AIM OF THE EXERCISE: In your copy, leave out the pictures and repeat every record exactly.

Crawled caption data:
- - -

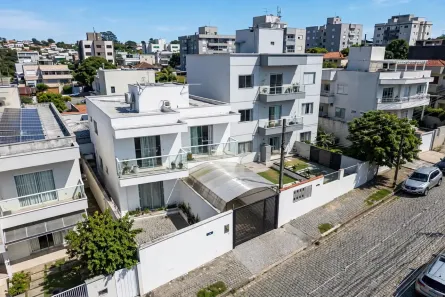 Sobrado com 2 Quartos à venda, 65m² no Rio Pequeno, Camboriú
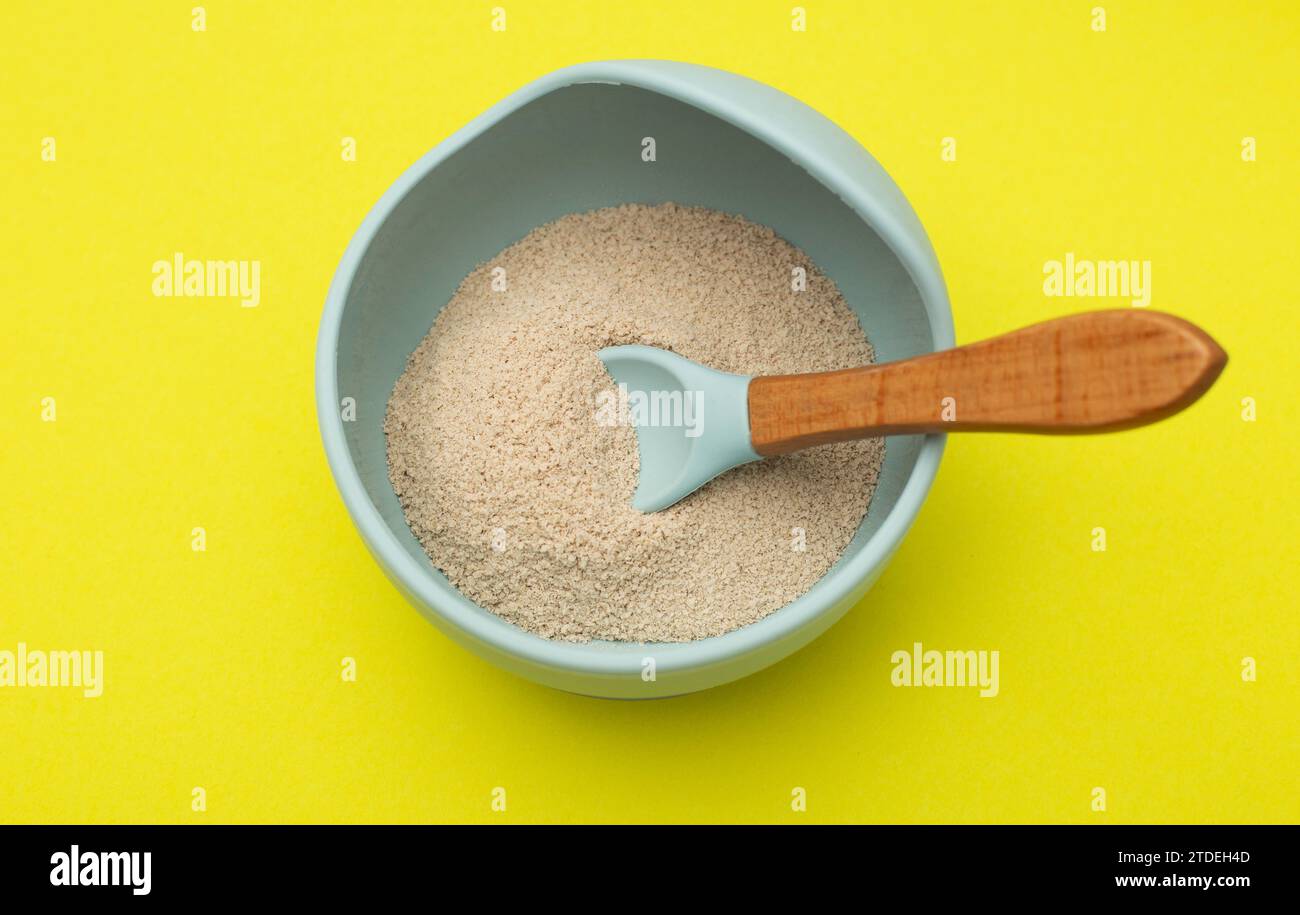 The first buckwheat dairyfree porridge in a blue children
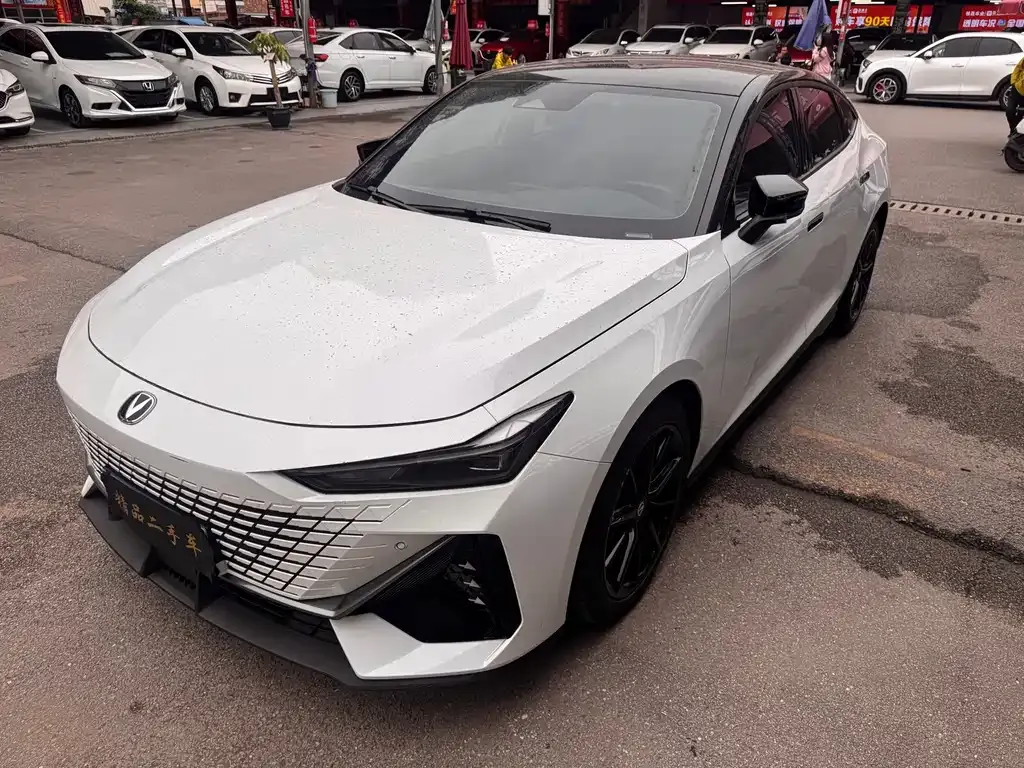 Changan UNI-V 2023 из CN, фото 1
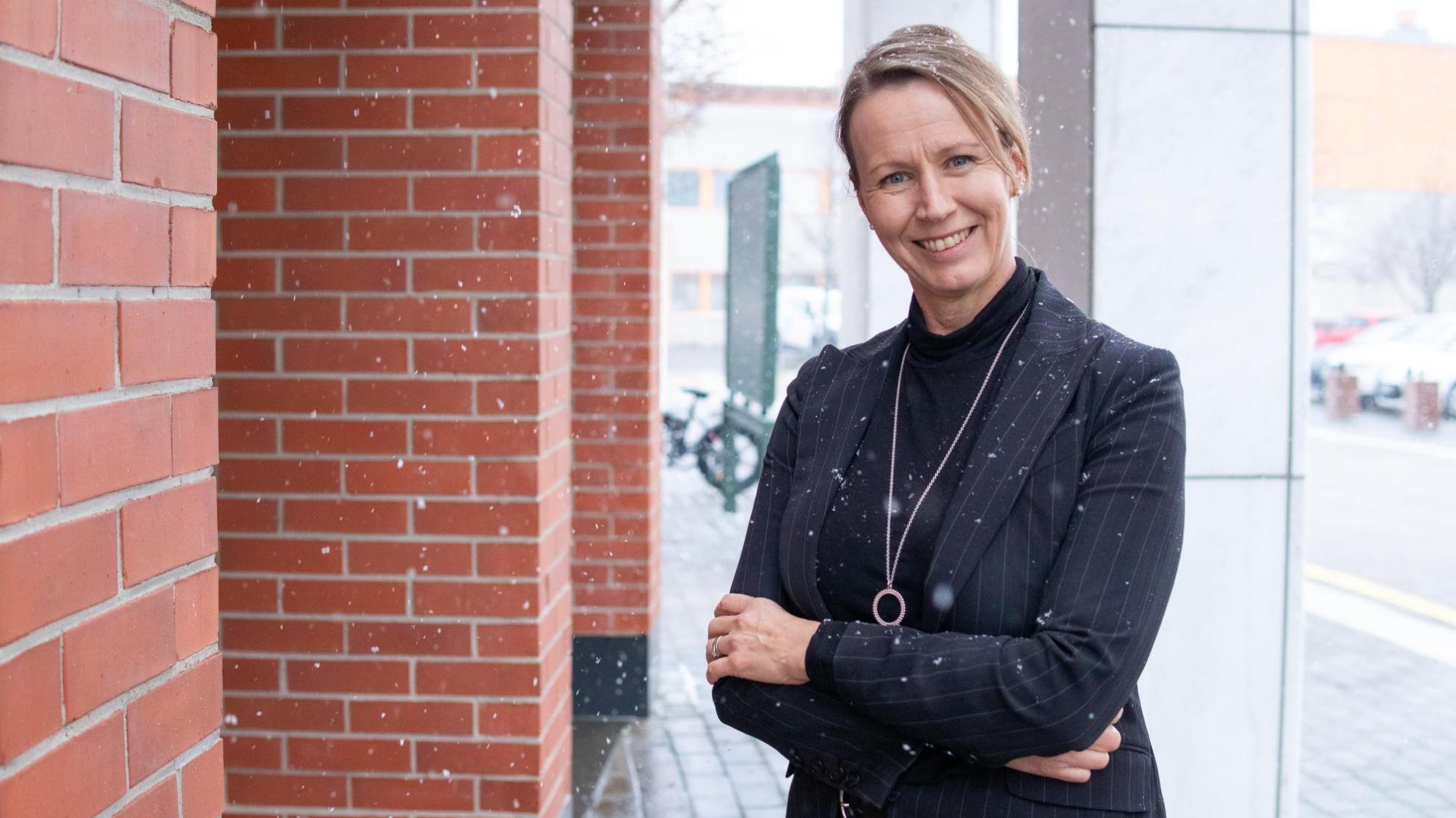Eija Pienimäki Vaasan yliopiston kampuksella talven ensilumen aikaan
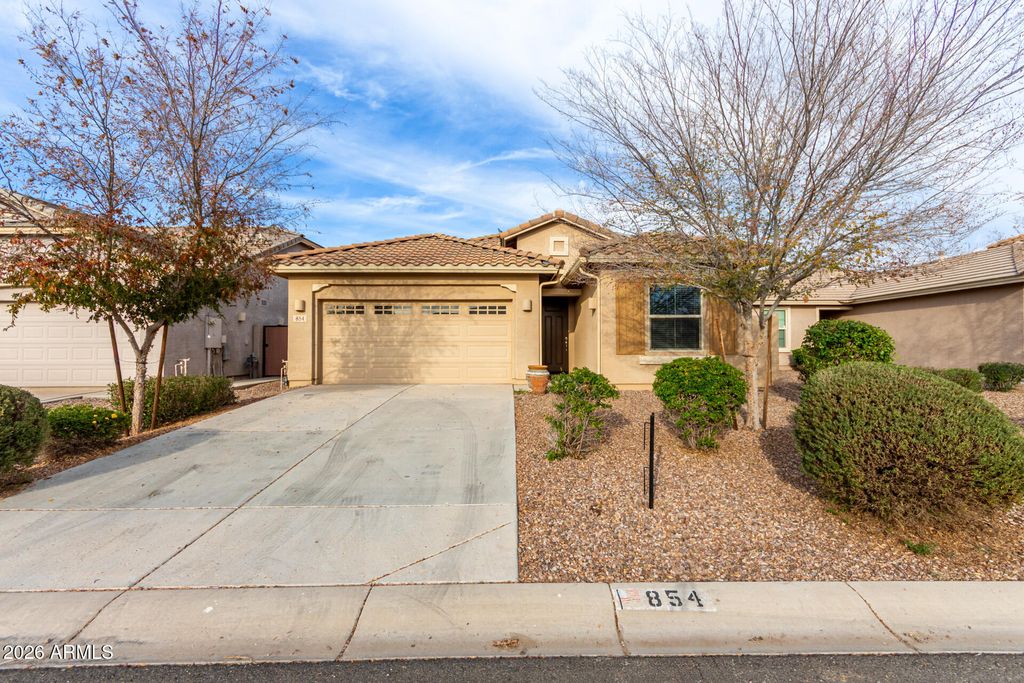854 W LOWELL Drive, San Tan Valley, AZ 85140
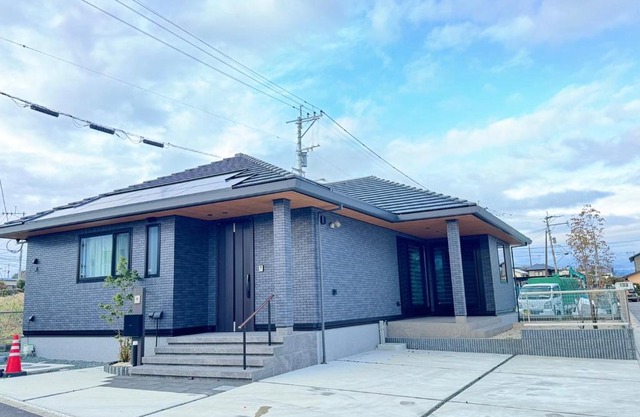 Akikawa Tosima 1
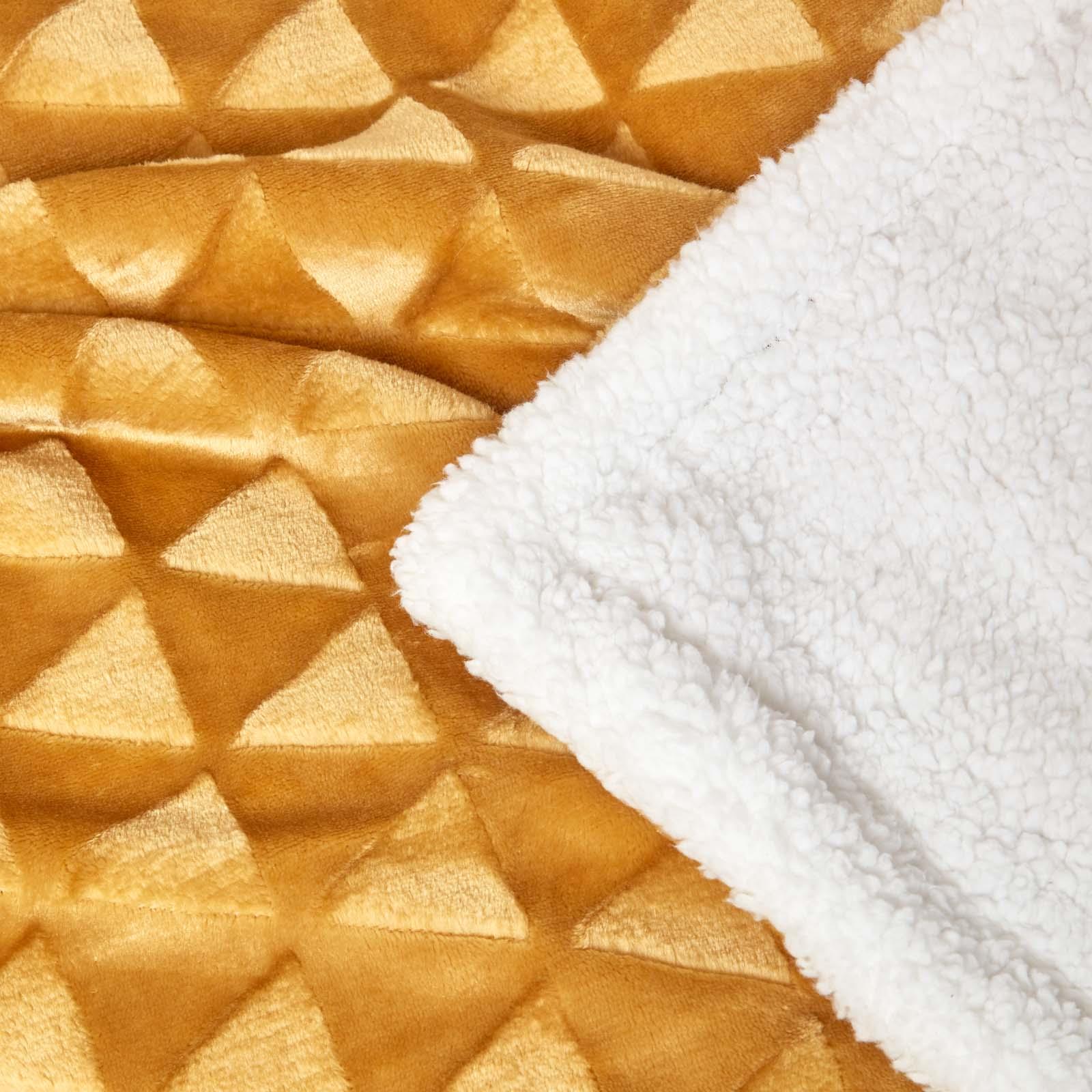 Velvet Throw Over Sofa Bedspread Geometric Triangle Soft Bed Protector Cover - Picture 47 of 74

- - -

THE COMPLETED TASK:
 Sobrado com 2 Quartos à venda, 65m² no Rio Pequeno, Camboriú
 The first buckwheat dairyfree porridge in a blue children
 Changan UNI-V 2023 из CN, фото 1
Eija Pienimäki Vaasan yliopiston kampuksella talven ensilumen aikaan
854 W LOWELL Drive, San Tan Valley, AZ 85140
 Akikawa Tosima 1
 Velvet Throw Over Sofa Bedspread Geometric Triangle Soft Bed Protector Cover - Picture 47 of 74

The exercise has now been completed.